For convenience of understanding, terms referred to in the embodiments of the present application are explained below.
Automatic data query: in the related art, most report processing software interacts with the database of the report and depends on the familiarity of the processing personnel with the SQL statement; the method is suitable for an automatic data query scene, in which a processor does not need to master SQL sentences any more, and automatic determination and subsequent calling of data of the report are realized through automatic data query; the invention provides an information identification method applied to automatic data query, wherein the automatic identification of information is involved in order to realize an automatic data query scene.
And (4) target report form: in the present application, a report refers to a table with a table header, a table body, and a table annotation, such as a financial report, and the target report refers to a currently processed report object; it should be noted that, in the present application, the target report only needs to be implemented as having the header information, the header information is analyzed, the input information of the automatic data query is obtained to implement the automatic data query scene, and the coordinate position of the data to be filled in the target report is provided by using the operation relationship between the spatial coordinates.
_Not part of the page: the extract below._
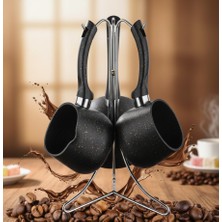 Meli Collection Granit Dokulu Lüks Cezve Seti – 3 Parça (300ML - 500ML - 600ML) Isıya Dayanıklı Antrasit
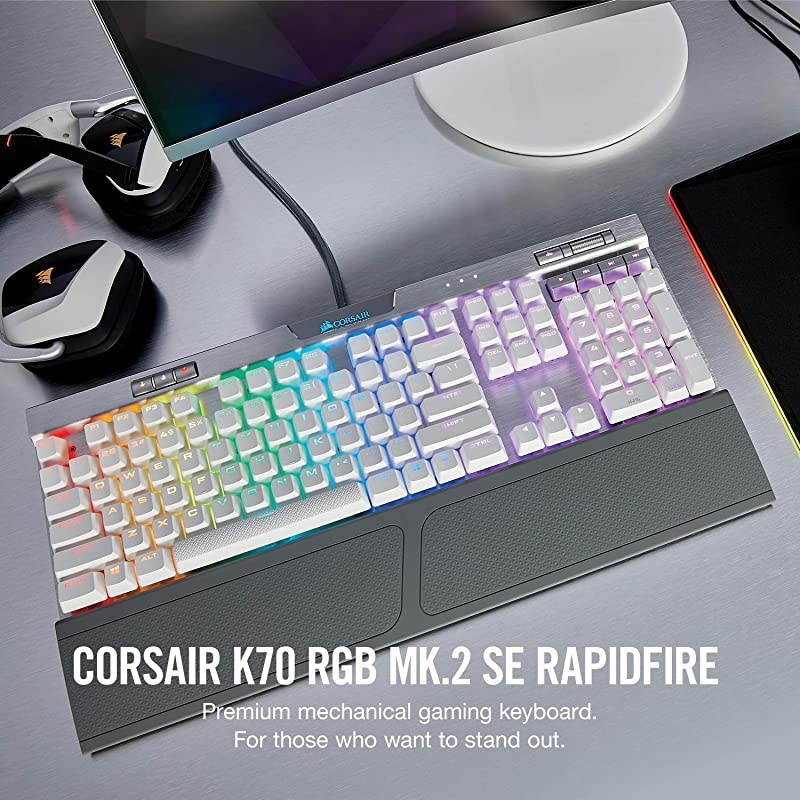 K70 RGB MK.2 SE Mechanical RAPIDFIRE Gaming Keyboard - USB Passthrough & Media Controls - PBT Double-Shot Keycaps - Cherry MX Speed - RGB LED Backlit,CH-9109114-NA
Four-dimensional coordinates: for the coordinate format of the information, the present application is described with an example of a coordinate structure of a row start, a row end, a column start and a column end, where a column coordinate range refers to a range between the column start and the column end, and a row coordinate range refers to a range between the row start and the row end, but the present application is not limited thereto.
Example 1
Referring to fig. 1, a flowchart of an information identification method applied to an automatic data query according to an exemplary embodiment of the present application is shown, where the method includes:
step 101, receiving the typesetting information of the target report.
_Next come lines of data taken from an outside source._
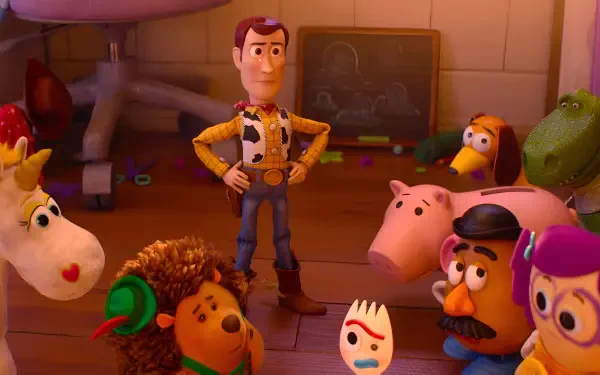 Animated movie scene from Toy Story 5: Woody stands with hands on hips amid other toys, warm colorful lighting — 2K Quad HD PC desktop wallpaper.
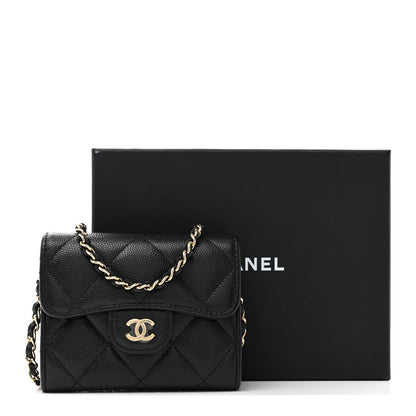 Chanel Caviar Quilted Flap Card Holder On Chain Black 12 of 12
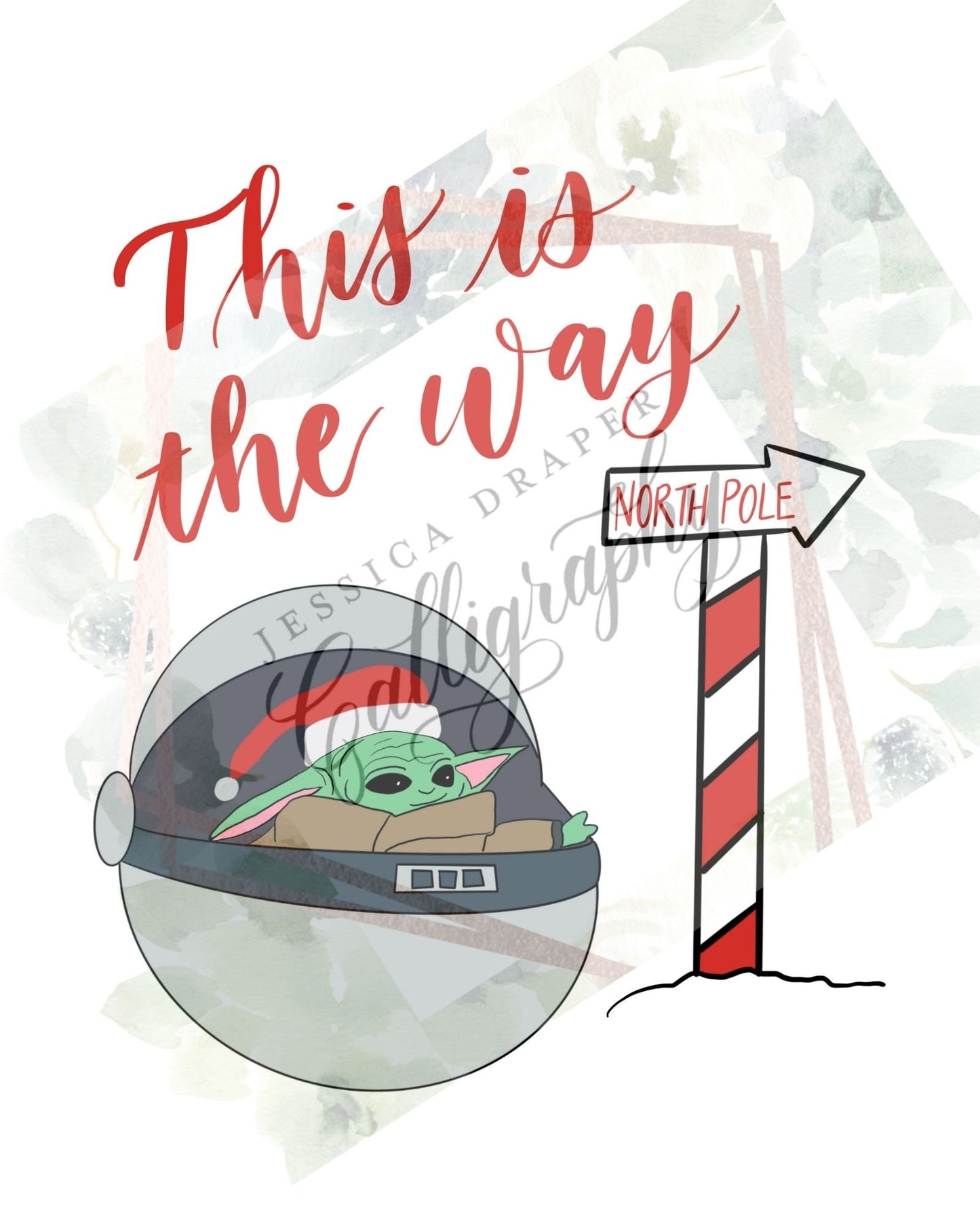 Así es como se imprime la Guerra de las Galaxias digitalmente / Baby Yoda navideño imprimible / decoración navideña / citas mandalorianas / Descarga imprimible nerd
In an actual operation process, the information identification method applied to automatic data query provided by the embodiment of the present application is described by taking a computer program as an example. As shown in fig. 2, which shows a layout diagram of a target report, aninterface 200 is a third-party software interface displayed by a terminal device, and when a user uses the third-party software, the carrier computer program of the present application implements the information identification method after providing, for example, atarget report 210. Optionally, theinterface 200 may also be an interface schematic diagram of the computer program when the computer program is run in an embedded manner, which is not limited in this embodiment of the present application.
The method comprises the steps of automatically generating typesetting information for a target report through an interface identification module, and receiving the typesetting information of the target report.
Optionally, the layout information includes at least one of row header information and list header information of the target report, where a receiving format of the layout information is composed of four-dimensional coordinates and a header name, and the row header information and the list header information are used to provide necessary input information for automatic data query.
As shown in fig. 2, the row header includes cells in which the header names "region", "product line", "jingjin", "shanghai", "south", "products 1", "products 2", "total 1", "beijing", "tianjin", "total 2", "shenzhen", and "guangzhou" are located, and the header includes cells in which the header names "time", "salesman", "2020 year", "2021 year", "group leader", "first name", "second name", "average", "number of people", "amount to be paid", "month 1", "month 2", "total 3", "month 4", and "total 4". The numbers of the months and the products are only schematic illustrations, the header names to be expanded can be determined by the program according to the read actual data, for example, each month 1 can be expanded according to the actually related month to obtainmonths 1 and 2 months … …, wherein the expansion is automatically performed by the program according to the read actual data according to each sub-level concept under the current header concept, and the embodiment of the application is not limited thereto.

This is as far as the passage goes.